There are many ways to determine an oil/water content of a well fluid. Well fluid can be delivered to surface where a determination can be made. Alternately, a sensor can be located downhole to determine the oil/water ratio in the well fluid. That determination can be transmitted uphole in many ways, e.g., electrical signals over a wire, fiber-optic signals, radio signals, acoustic signals, etc. Alternately, the signals can be sent to a processor downhole, the processor instructing a motor to set a certain orifice size for the flow-restrictor 304 based on those signals. The sensor can be located downstream from the well fluid intake of the oil/water separator, inside the oil/water separator, inside the redirector, inside the flow-restrictor, upstream of the oil/water separator, outside the downhole device and downhole of the well fluid intake, outside the downhole device and uphole of the sell fluid intake, or outside the downhole device and at the level of the well fluid intake.

One embodiment shown in FIG. 8 has a flow-restrictor 304 having a sensor 800 located in the upper inner chamber 725. The sensor could be in the lower inner chamber 720. The sensor 800 can sense temperature, flow rate, pressure, viscosity, or oil/water ratio. The sensor 800 can communicate by way of a telemetry pickup 810 that is integrated with the redirector 250. The sensor 800 can communicate through an electrical contact or “short-hop” telemetry with a data gathering system (not shown).

Referring generally to FIG. 10, an embodiment of a well system 820, e.g. a downhole fluid processing system, is illustrated with a sensor system 822. In this embodiment, well system 820 has a configuration that enables the injection of a separated water stream into an injection zone 824 located below a production zone 826. Sensor system 822 comprises one or more sensors positioned to sense one or more desired characteristics related to the downhole processing of well fluid. Based on data provided by sensor system 822, adjustments can be made to optimize, for example, the production of oil and the injection of separated water. The adjustments may include changing back-pressure by adjusting the flow-restrictor 304, adjusting pump speed, adjusting the back pressure of the produced oil stream, or by adjusting various other operational parameters.

In operation, well fluid is drawn in through production zone 826 via electric submersible pumping system 100 which may comprise a variety of pumping system components. The well fluid is directed through separator 200 where it is separated into a water component and an oil component. It should be noted that the water component may comprise small amounts of oil and the oil component may comprise small or large amounts of water, and those amounts may be monitored to facilitate optimization of the fluid processing.

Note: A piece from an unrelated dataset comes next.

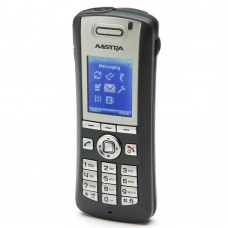 Aastra DT690 Cordless Phone EU, w/o charger (DECT телефон, зарядное устройство опционально)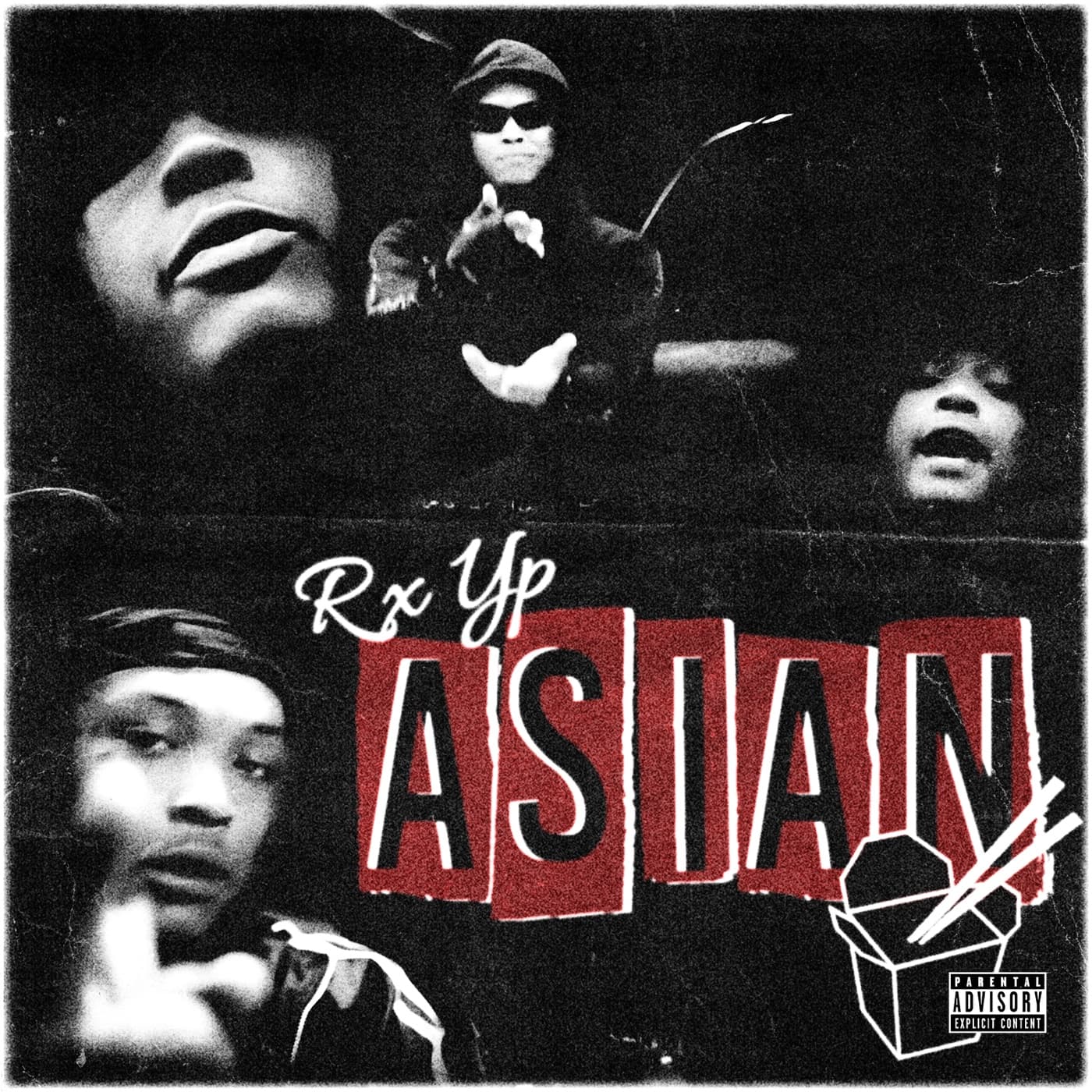 RX YP, Asian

The separated fluids are directed into redirector 250 which directs the oil stream up through a tubing 828 while redirecting the water stream back down into the wellbore through tubing 830. In this embodiment, the sensor system 822 is located below the electric submersible pumping system 100. The water stream is directed down past sensor system 822, through a packer 832, and out through a discharge tubing 834 into injection zone 824. The packer 832 isolates the injection zone 824 from the production zone 826 along the wellbore. The sensor system 822 can measure a variety of characteristics related to the water component, but the sensor system 822 also may comprise sensors that detect and/or monitor various other characteristics related to the produced oil stream, the surrounding formation, the operation of well system components, or to other aspects of the fluid processing.

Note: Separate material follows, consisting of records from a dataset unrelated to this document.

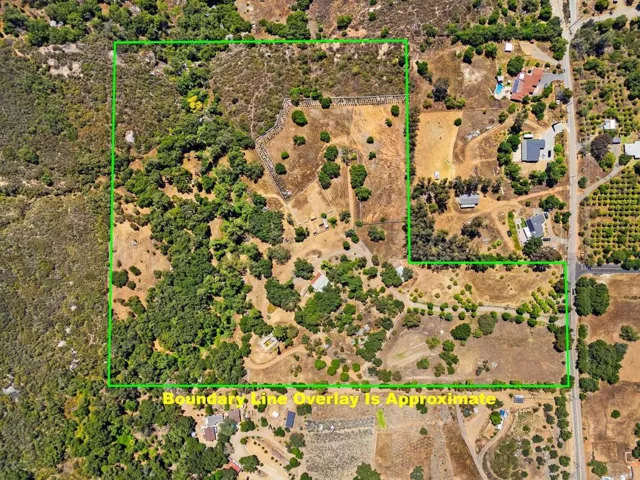 13511 Hilldale Road, Valley Center, California 92082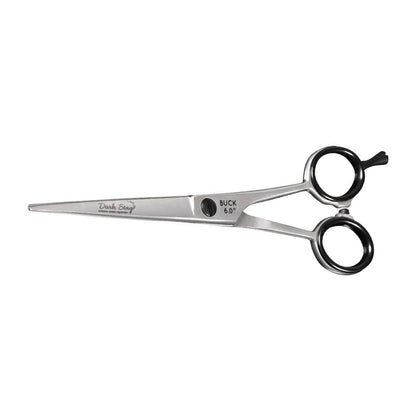Dark Stag Buck Scissor 7in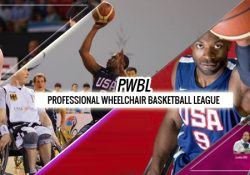 Professional Wheelchair Basketball Franchise Initiates Nationwide Rollout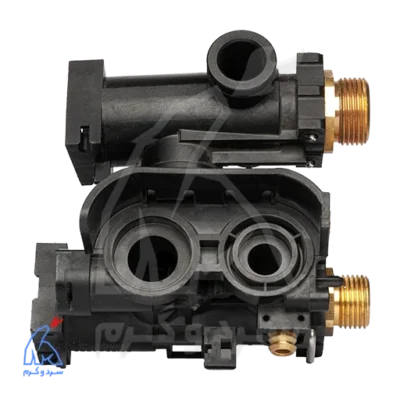 بلوک هیدرولیکی راست (برگشت) Bosch بوش کامل - بیترون ایتالیا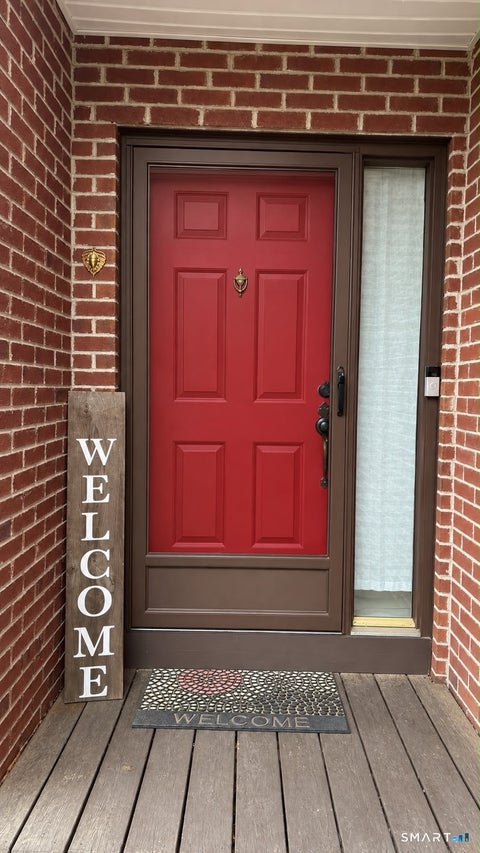 Tiny photo for 2708 Mill Pond Drive #2708, South Windsor, CT 06074 (MLS # 24214624)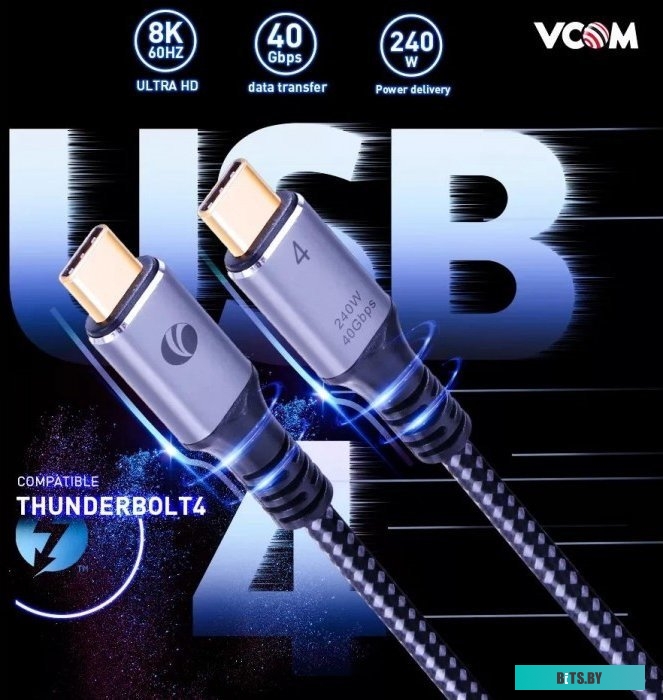 Кабель CU541M-1.2M CU541M-1.2M.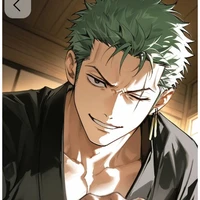 Roronoa Zoro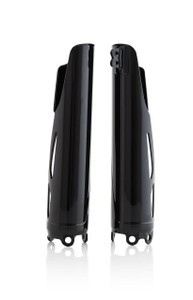 Acerbis - Fork Guard Crf250/450r/rx - 2736240001 Acerbis - Fork Guard Crf250/450r/rx - 2736240001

In an alternate embodiment, well system 820 is arranged so the water component is injected into an injection zone 824 located above the production zone 826, as illustrated in FIG. 11. In this embodiment, sensor system 822 is formed as a sensor package located above the electric submersible pumping system 100. For example, the sensor system package may be located above the electric submersible pumping system 100 and below the redirector 250, as illustrated.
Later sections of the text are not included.